**Exercise objective**
Write out the records in full, exactly as given, but without the images.
━━━━━━
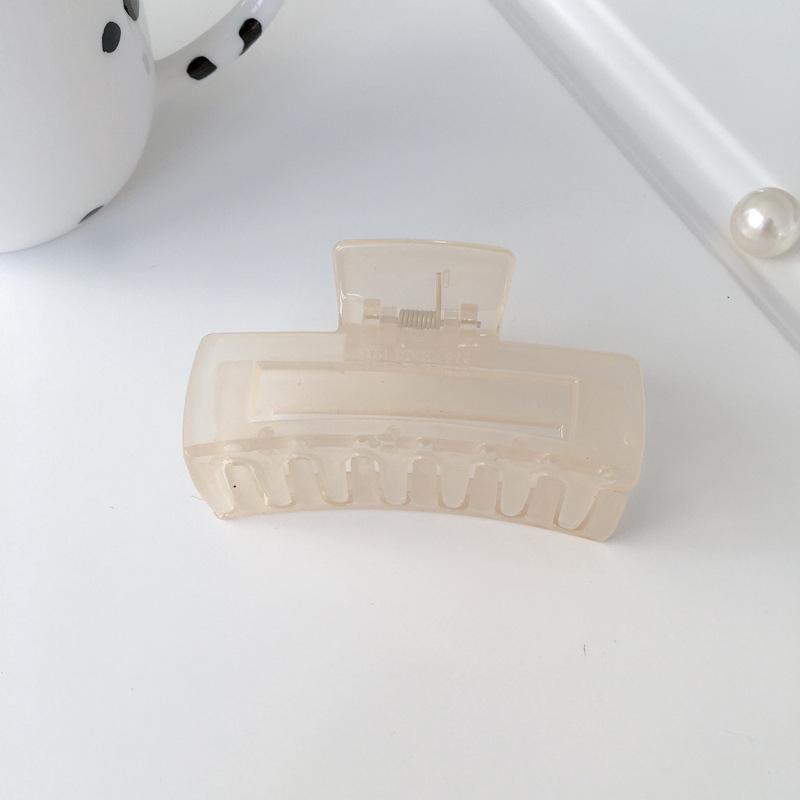 Pc Stylish 8cm Material Jelly Color Hair Claw Clip With Simple Geometric Design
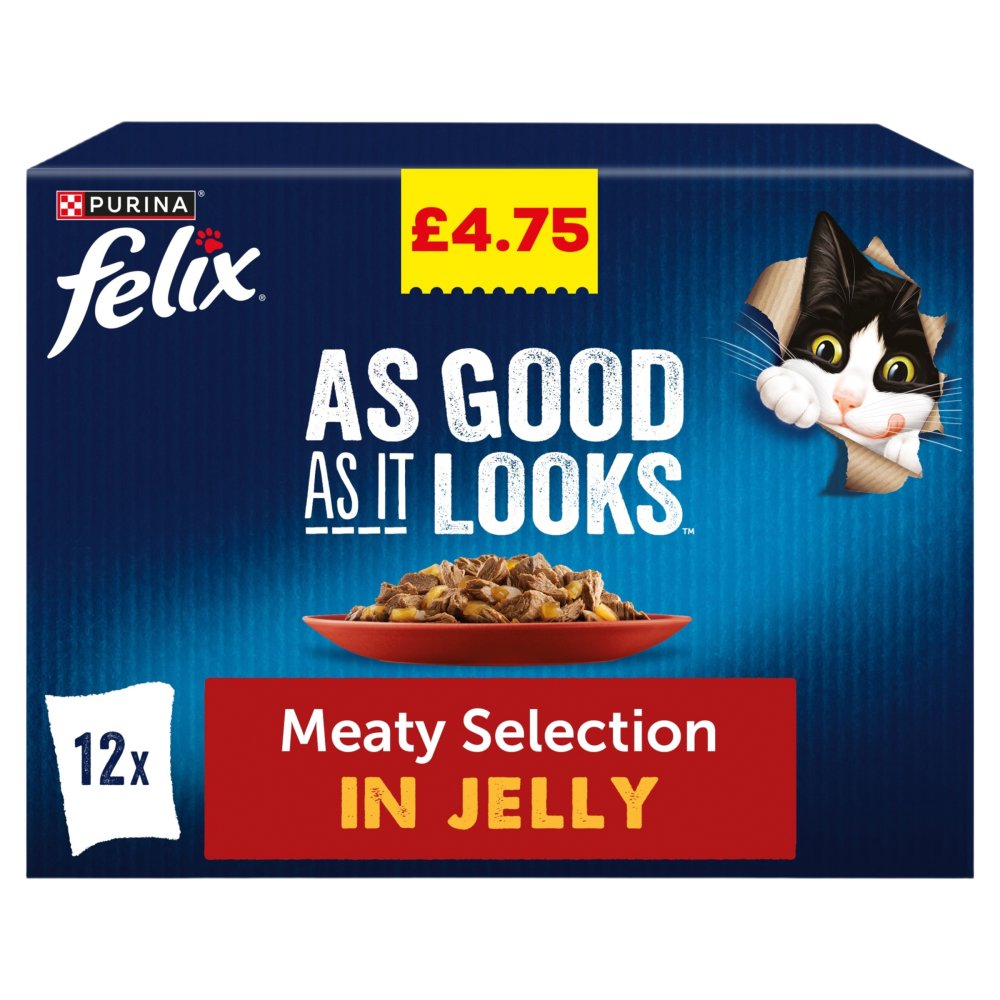 Felix As Good As It Looks Meaty Selection in Jelly 12 x 85g (1.02kg)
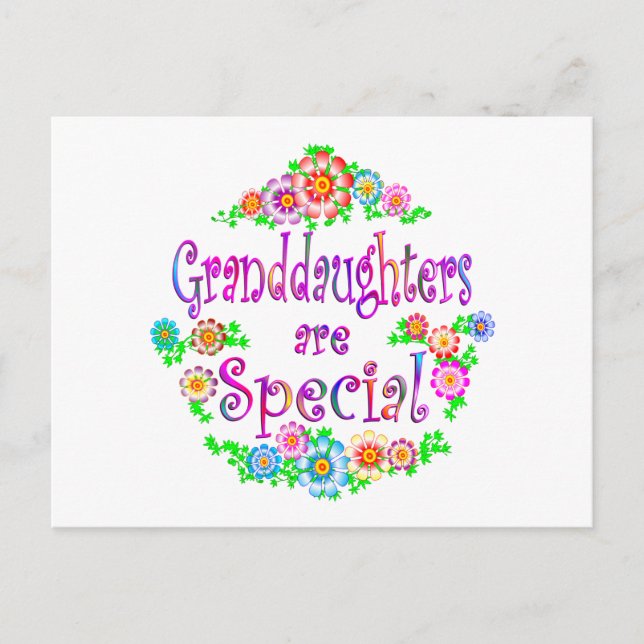 GRANDDAUGHTERS are Special Postcard (Front)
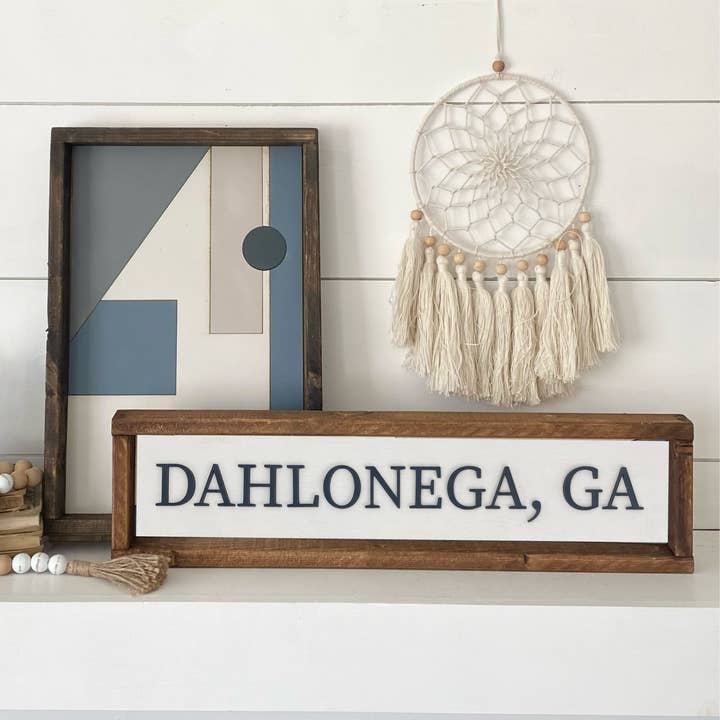 Pine Designs - Wholesale Sign - 24x6 "Any" City Sign - City, State Name Sign4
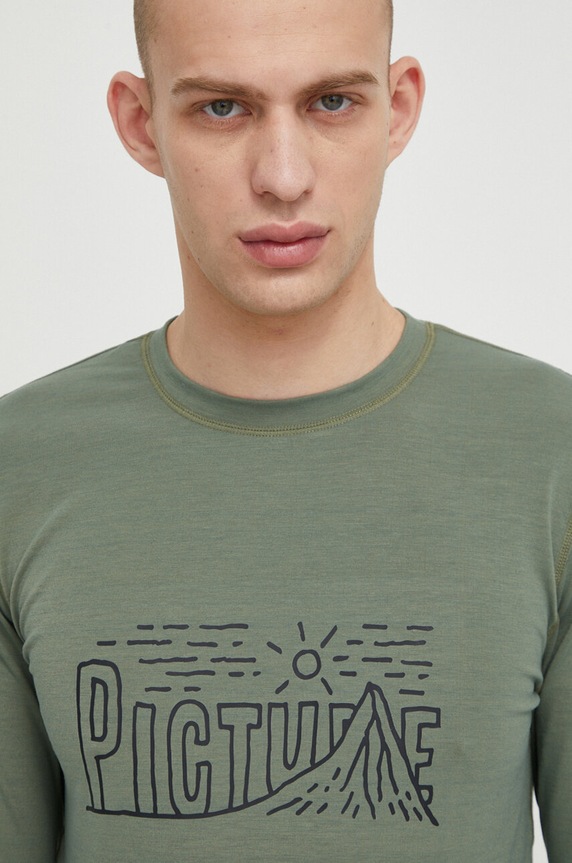 Picture longsleeve funkcyjny Nangha zielony MTS1072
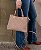Bolsa Elemento Gráfico Casual - Alça de Mão - Rosê - Chenson 3485287 - Imagem 1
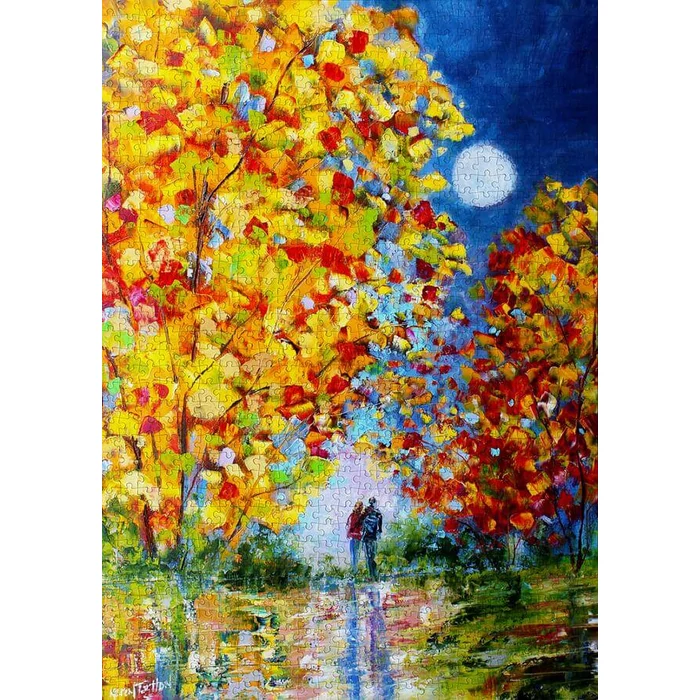 Enjoy Puzzle - 1419 - Autumn Moon - 1000 db-os puzzle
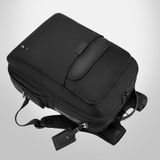  BANGE BG-G63 Túi đeo vai Doanh nhân Balo Máy tính Du lịch Không thấm nước (Đen) 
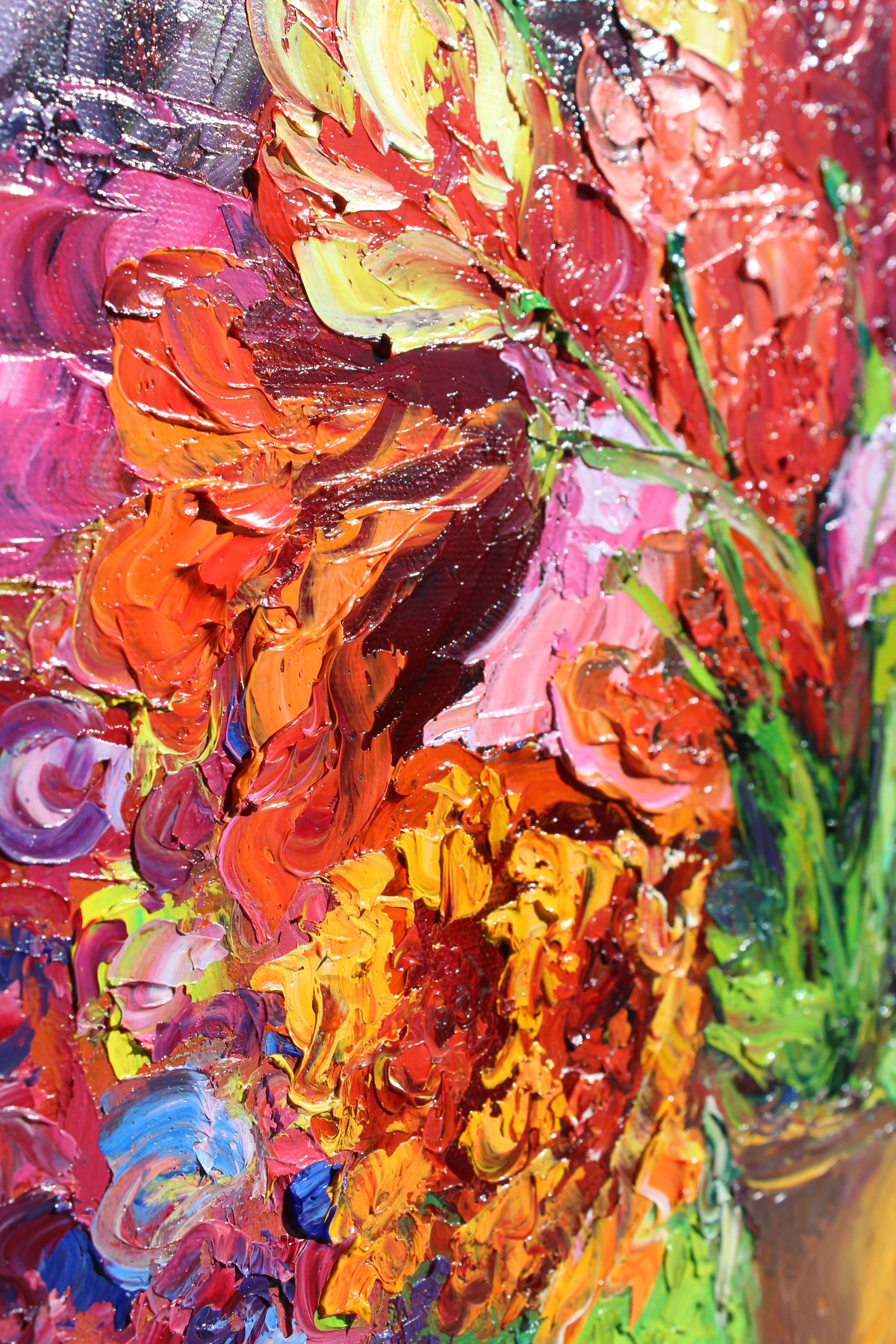 Tulips By The Hearth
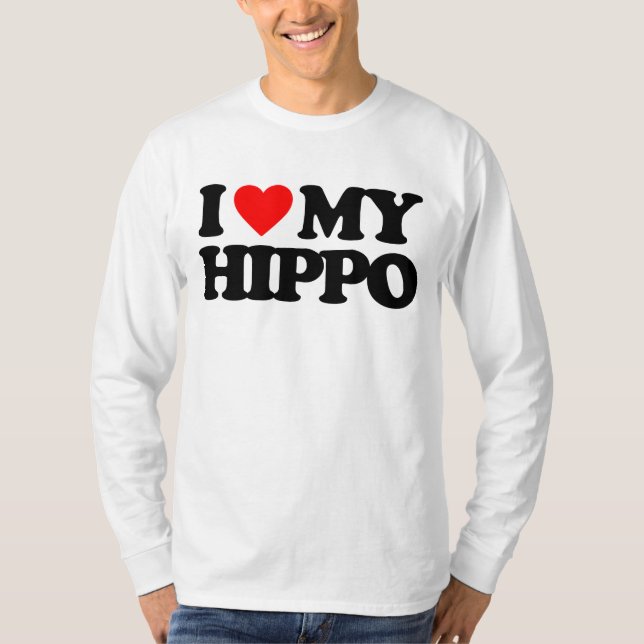 I LIEBE MEIN FLUSSPFERD T-Shirt (Vorderseite)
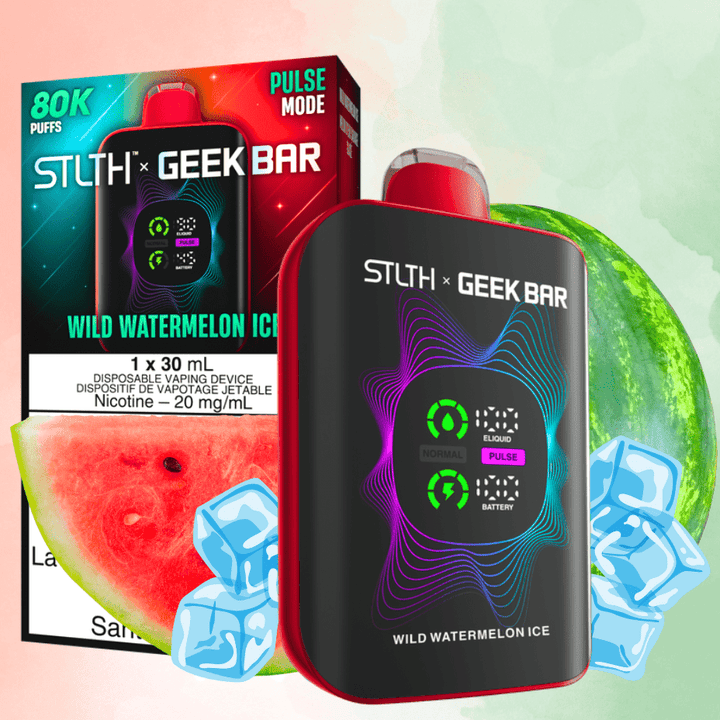 STLTH x Geek Bar 80K Disposable Vape-Wild Watermelon Ice 20mg / 80000 Puffs Okotoks Vape SuperStore Okotoks Alberta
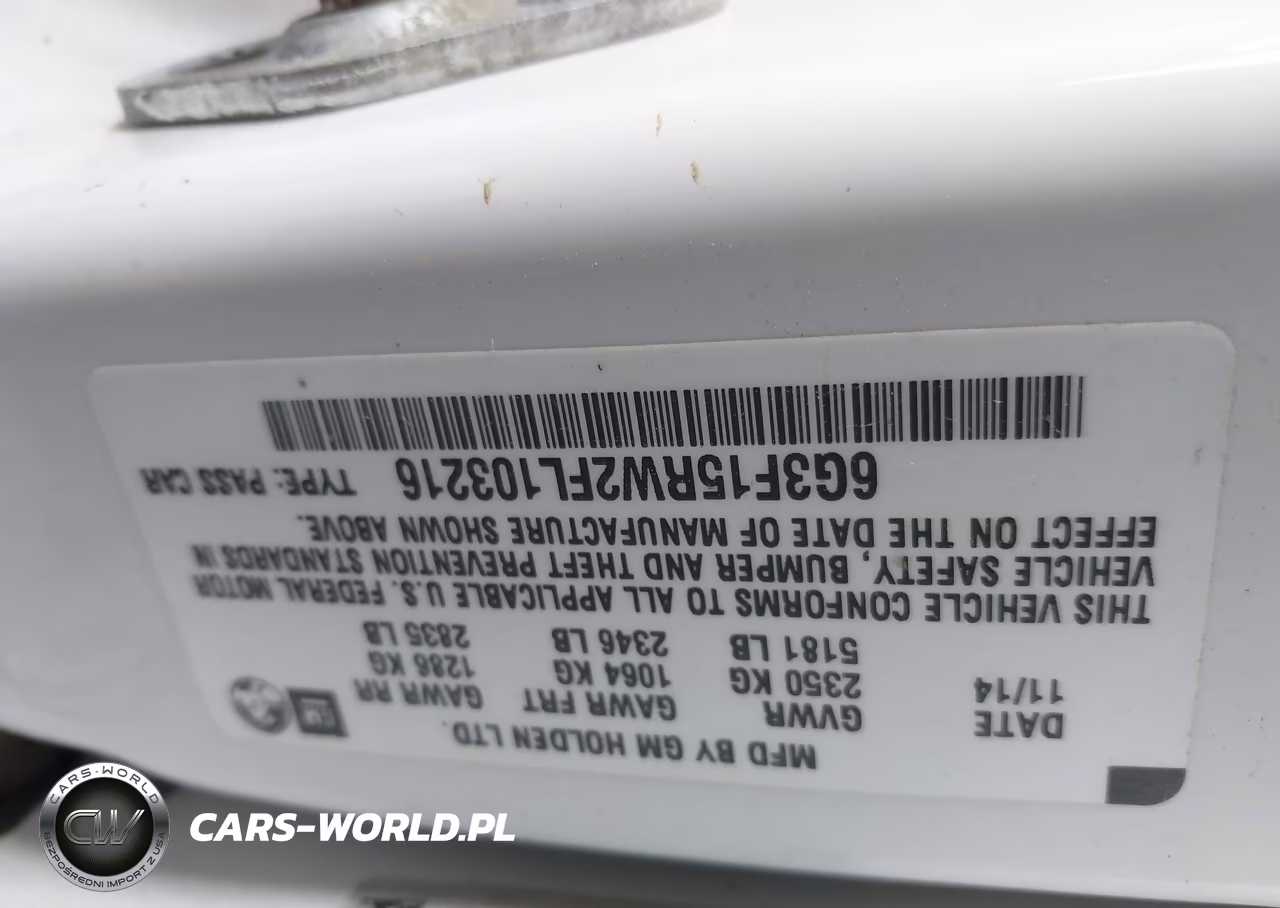 2015 Chevrolet Ss VIN:6G3F15RW2FL103216 - 9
━━━━━━
**Result of the exercise**
 Pc Stylish 8cm Material Jelly Color Hair Claw Clip With Simple Geometric Design
 Felix As Good As It Looks Meaty Selection in Jelly 12 x 85g (1.02kg)
 GRANDDAUGHTERS are Special Postcard (Front)
 Pine Designs - Wholesale Sign - 24x6 "Any" City Sign - City, State Name Sign4
 Picture longsleeve funkcyjny Nangha zielony MTS1072
Bolsa Elemento Gráfico Casual - Alça de Mão - Rosê - Chenson 3485287 - Imagem 1
 Enjoy Puzzle - 1419 - Autumn Moon - 1000 db-os puzzle
  BANGE BG-G63 Túi đeo vai Doanh nhân Balo Máy tính Du lịch Không thấm nước (Đen) 
 Tulips By The Hearth
 I LIEBE MEIN FLUSSPFERD T-Shirt (Vorderseite)
 STLTH x Geek Bar 80K Disposable Vape-Wild Watermelon Ice 20mg / 80000 Puffs Okotoks Vape SuperStore Okotoks Alberta
 2015 Chevrolet Ss VIN:6G3F15RW2FL103216 - 9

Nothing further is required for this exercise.